Canteen To be filled and refilled at one the city’s more than 2,500 iconic drinking fountains, known as nasoni. The water is cold, perfectly safe (it flows from nearby mountain springs) and free. Why spend euros on supermarket bottles (or worse, €2 on tiny bottles sold by vendors) when Rome’s water is among the best on the planet?

Wide-brimmed hat For the gents, possibly a Panama or a light Borsalino. For the ladies a “paglia fiorentina,” a straw hat that doesn’t have to have flowers and ribbons. Make sure they’re made from natural woven fibers so you can roll them up and rinse them under the fountains.

Then there’s the matter of shorts and tank tops, and why they’re frowned upon in Rome. At the Vatican it’s a matter of the immodesty of bare skin. Elsewhere it’s all about taste. Put yourself in the place of the generally stylish Rome resident (for whom even casual demands taste). Do you really want to see your city besieged by men and women with mozzarella-white legs peeking out from baggy Bermudas, damp stains in the shape of Africa under their t-shirt arm pits, and sandals slipped over pristine white tube socks?

The Rome response is che orrore! — “the horror,” in the “Heart of Darkness” vein.
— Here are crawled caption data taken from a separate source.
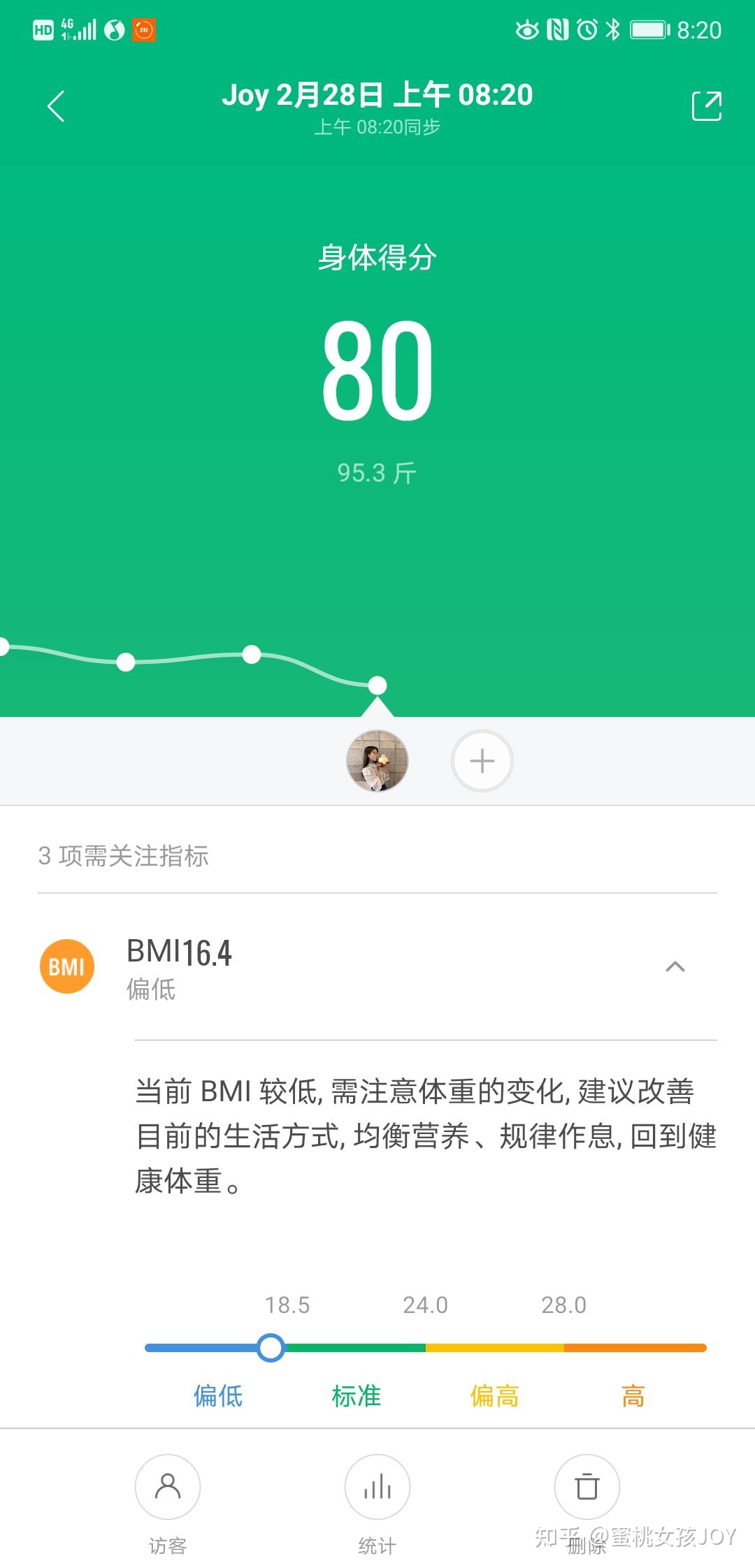 胖女生都是潜力股～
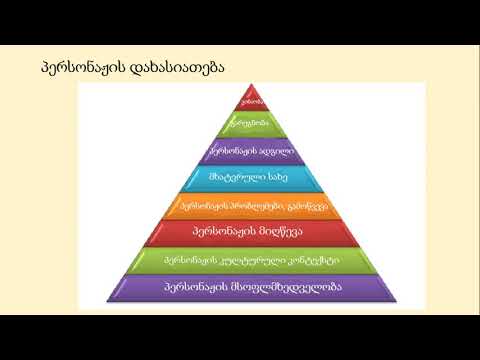 ქართული ლიტერატურა - ილია ჭავჭავაძე - დაუვიწყარი პერსონაჟები (ნაწილი I)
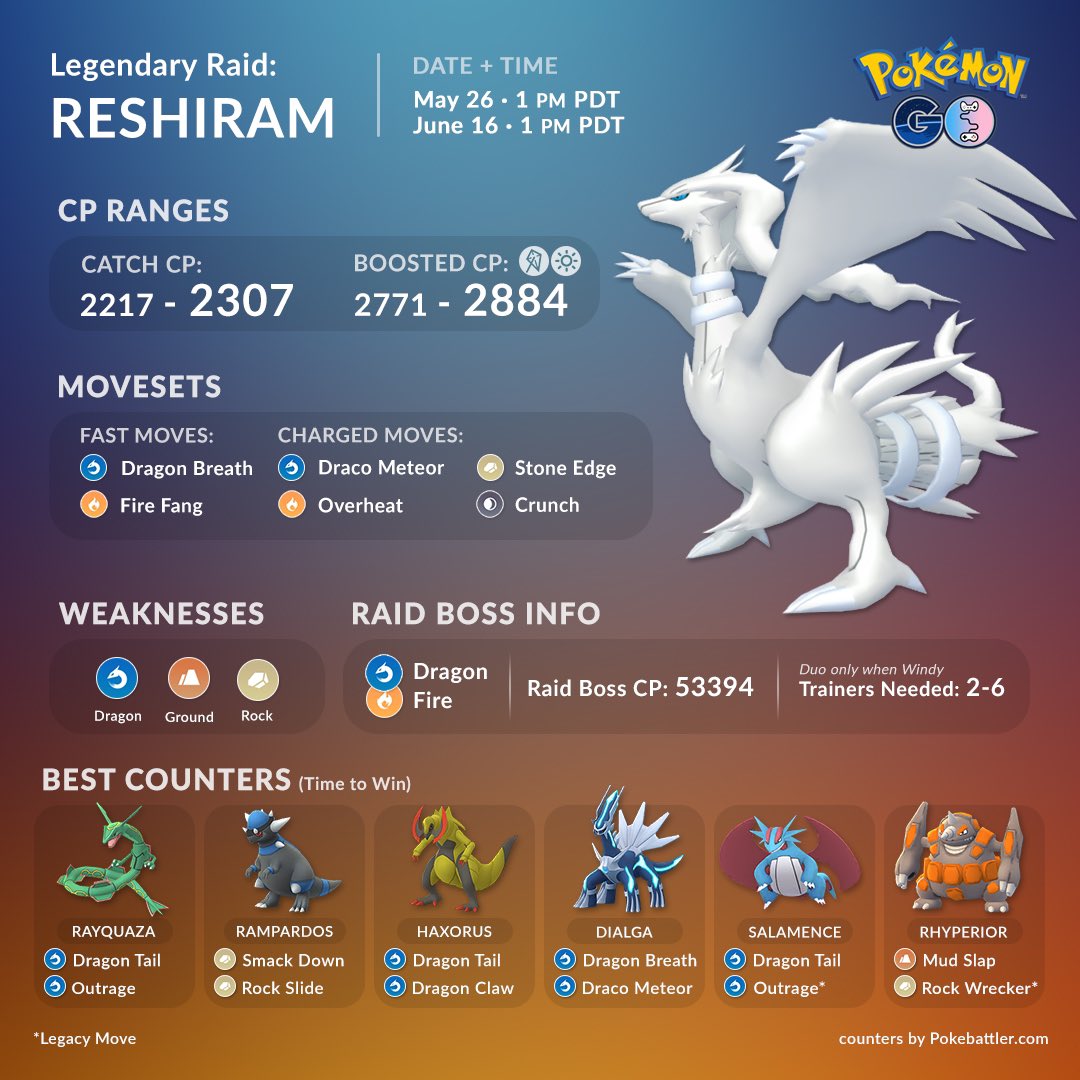 Pokemon Go Reshiram raid guide: Best counters, weaknesses and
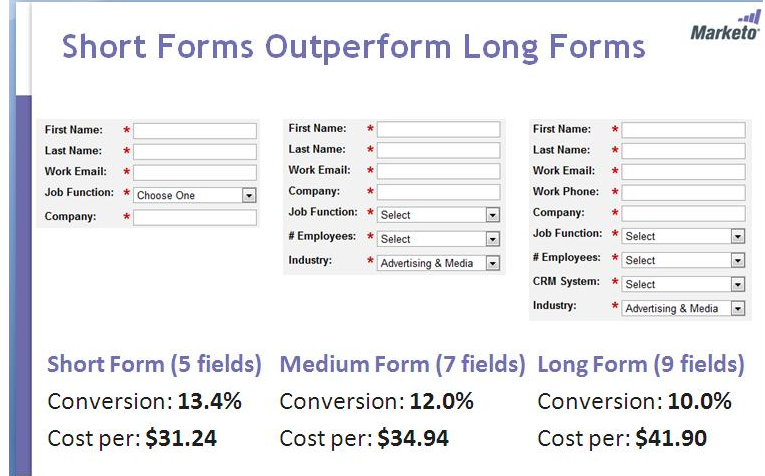 maximize conversions-short-forms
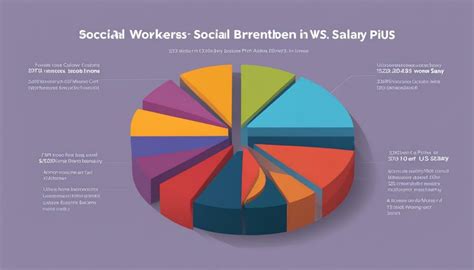 Average PhD in Social Work Salary: A Deep Dive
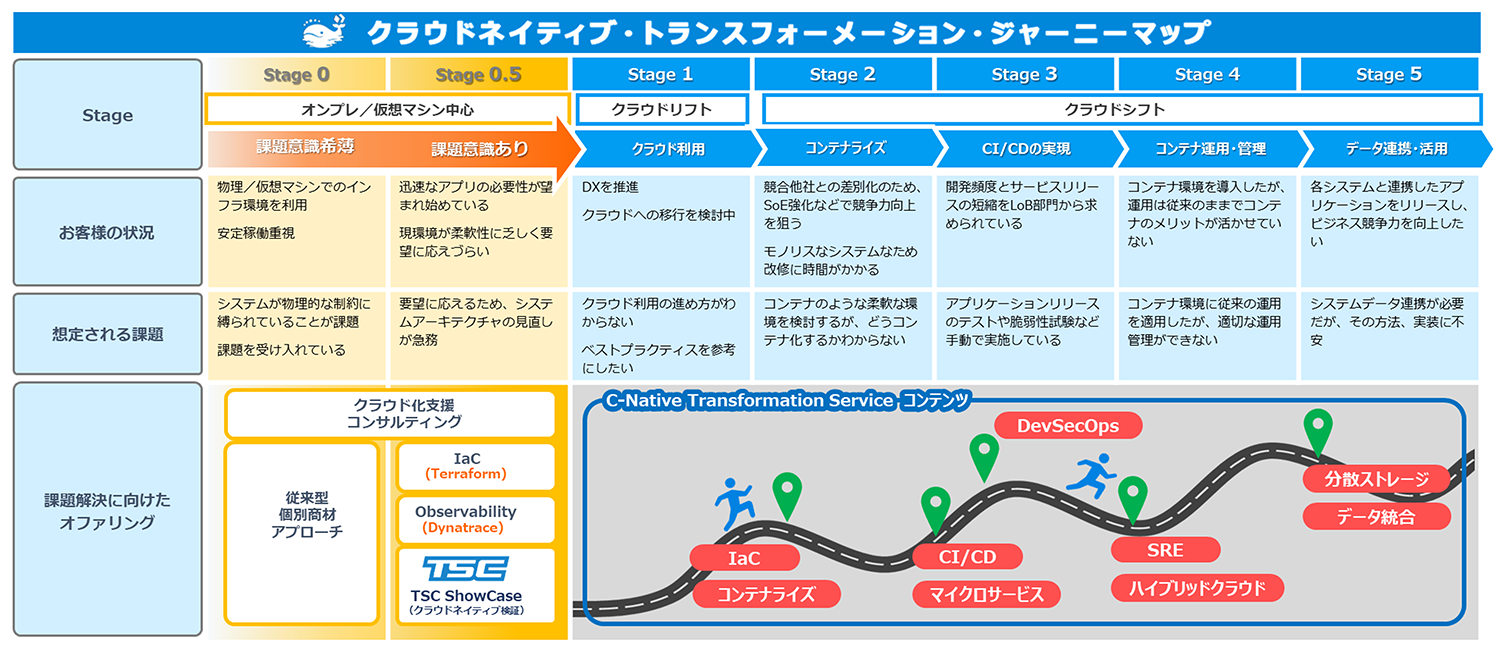 CNXジャーニーマップ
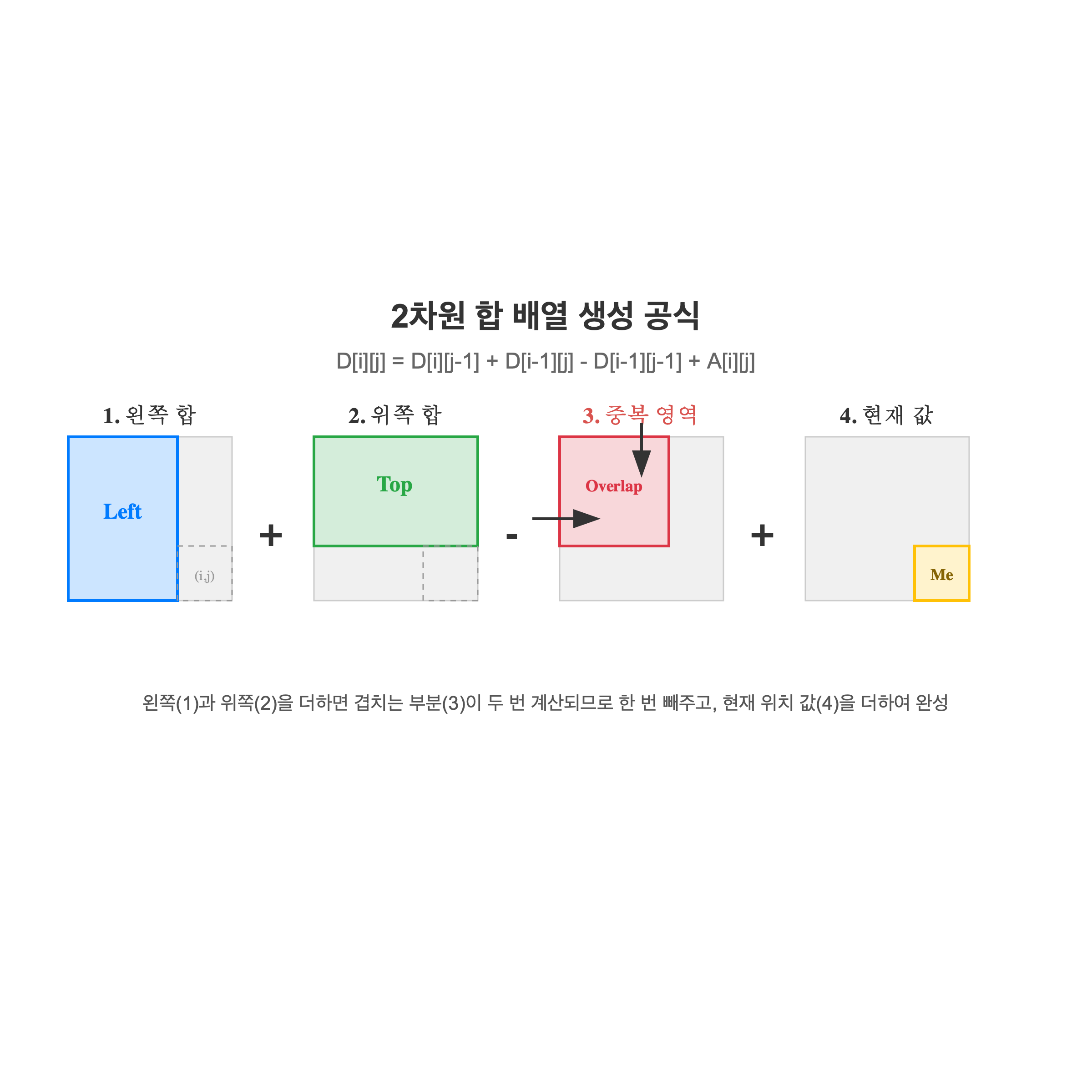 2D Prefix Sum Creation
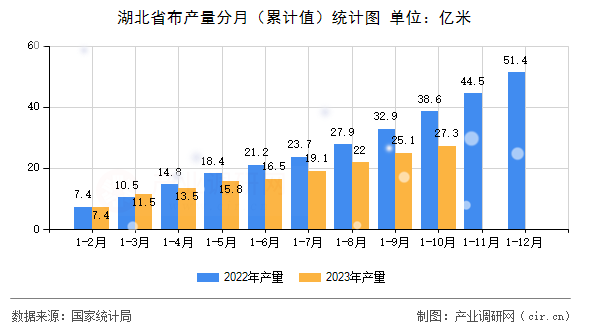 湖北省布產量分月（累計值）統計圖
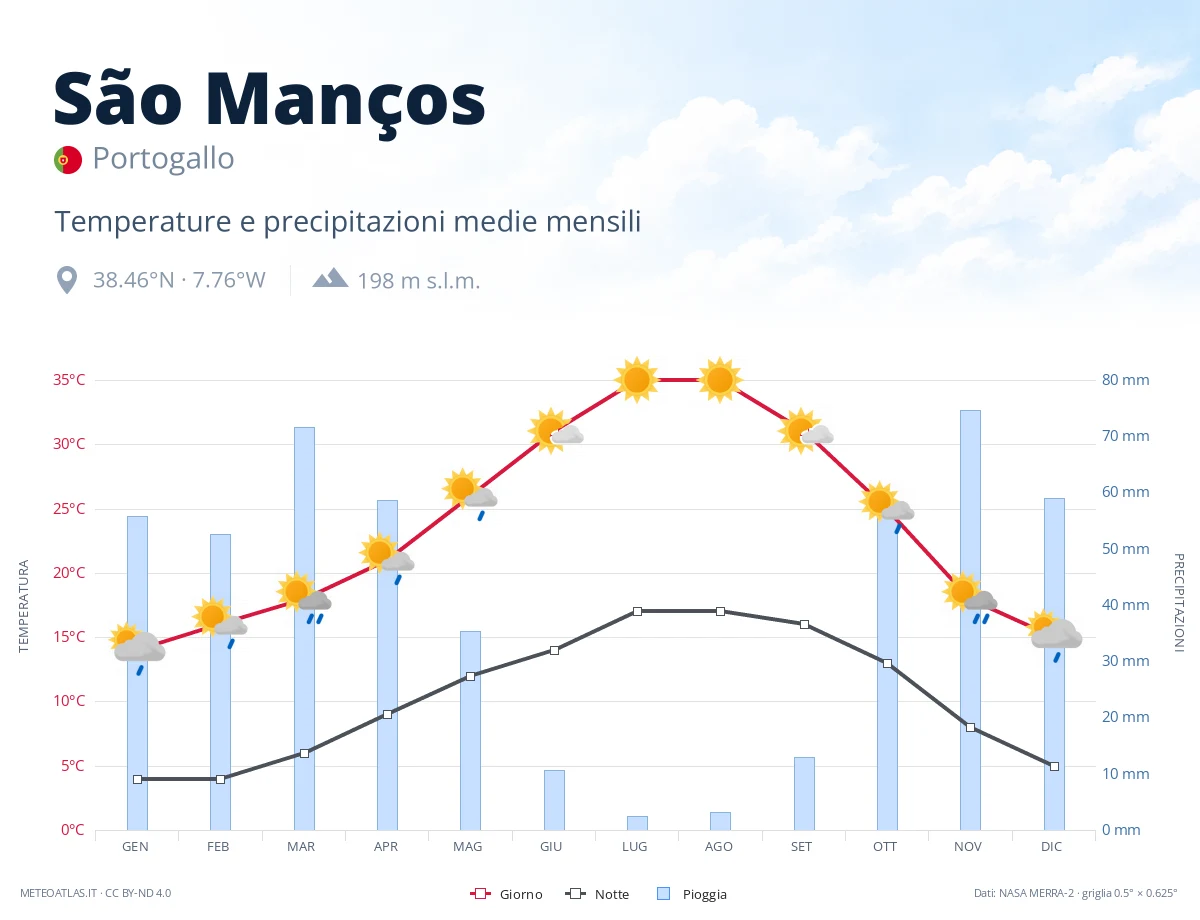 São Manços - temperature e precipitazioni medie mensili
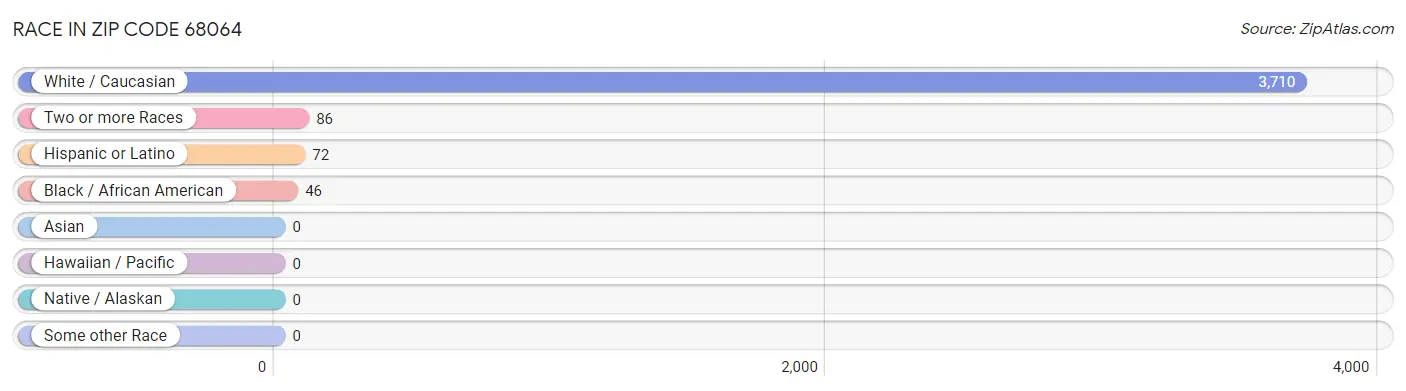 Race in Zip Code 68064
While I believe in comfort and natural fibers, I also swear by the saying “anche l’occhio vuole la sua parte!” — roughly, “looks matter.”

On we go to food. Outdoor dining in summer can be anything but al fresco (which accounts for why Romans don’t think of sitting down for an outdoor meal before 9:30 p.m.) Though sidewalk cafes spell romantic Old World better than any other cliché, there comes a time when air conditioned dining becomes a must. Even for Italians.

Here are a few unfailing Roman ristoranti that offer both AC and tasty food.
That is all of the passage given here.